La felicità è davvero contagiosa
di Elena Meli |
Si sa, il riso è contagioso. Ma lo è pure un sentimento
complesso e profondo come la felicità, a prima vista l'emozione
più privata e personale che ci sia. Esser felici è (anche) una
questione di gruppo, perché se lo sono amici, vicini e parenti
sarà molto più probabile che lo diventiamo pure noi.

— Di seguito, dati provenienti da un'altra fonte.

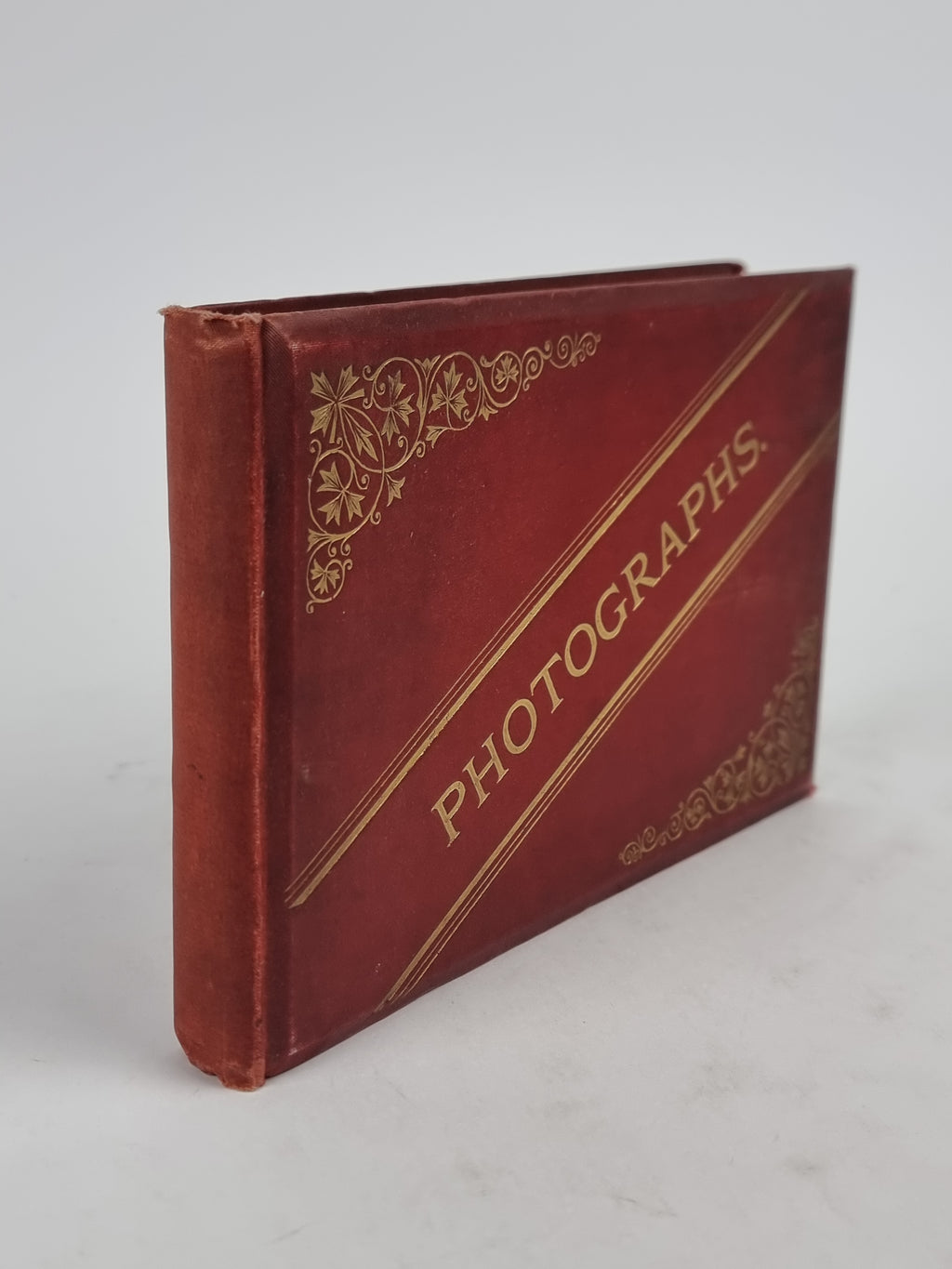 Photographs [of Welsh Scenery], Anonymous — Original Souvenir Album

L'ha appena scoperto Nicholas Christakis, un sociologo di
Harvard, che ha scandagliato la vita di oltre 5 mila persone per
verificare se le reti sociali, quell'intrico di relazioni più o
meno strette che abbiamo con gli altri, abbiano qualche effetto
sul nostro benessere.
I dati raccolti in vent'anni di osservazioni, pubblicati ora sul
British Medical Journal,
dimostrano che la felicità è un benevolo virus trasmesso
soprattutto dagli amici. Per diffondersi ha bisogno del contatto
(la probabilità di diventare felici per interposta persona si
affievolisce se l'amico "cuor contento" abita lontano), ma è
così potente da "infettarci" perfino con tre gradi di
separazione: se è felice l'amico dell'amico di un nostro amico,
per imperscrutabili motivi finiamo per star meglio pure noi.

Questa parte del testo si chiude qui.